Resident provides her thoughts on panhandling and poverty

Coun. Scott Anderson's claims that by all accounts, panhandling is getting worse. Well, clearly not by all accounts, given that Clint Kanester provided him with statistics proving the opposite is true.

Last winter, I sat down with a young girl who was panhandling outside of the Wholesale Club. By the time we were done talking, my bottom was numb from sitting on the concrete.

She had already been there for hours. When she was done panhandling, she would return to where she had been sleeping, in a small hammock strung between trees and shrubs, hidden in the park, with a mylar sheet and a sleeping bag to keep her from freezing. It was minus 8 as I recall.

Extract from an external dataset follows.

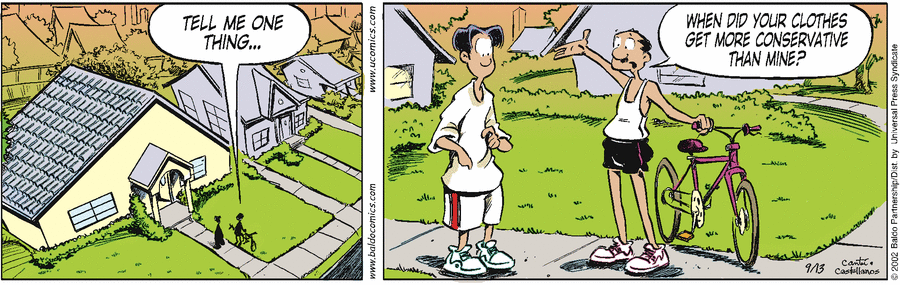 Baldo Comic Strip for September 13, 2002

The reason I stopped to chat with this girl in particular was because she was just a girl. She looked to be about our daughter's age and it turned out she was only 15.

I asked if she knew about the shelter around the corner. She explained that it's only for adults over the age of 18. She was expected to just go home, even though home meant living with her mother's issues and addictions.

I asked why she didn't get herself a youth agreement with welfare, but she said that would take support away from her mother (it's true, they claw back benefits from parents to give them to the kids), leaving mom to become homeless instead. She was opting to take the problem on herself, sleep outdoors and rely on the kindness of strangers.

Maybe she took all of the cash people handed over and used it to get high. Maybe. And, if she did, can you really blame a kid with limited skills and support for wanting to escape in drugs or alcohol? Or anyone, for that matter, whose best hope for the night is a cot in a shelter. If that was your life for even a day or a week, you might also crave an escape. Don't kid yourself.

The discomfort most people feel around panhandling has much less to do with personal safety than it has to do with a similar need to escape, not from a bleak existence but from the guilt of knowing that we could and should do more.

Do not fool yourself into believing we have this problem covered. There are magnificent holes in our social safety net.

And too bad if that fact makes you uncomfortable. It remains and must be dealt with.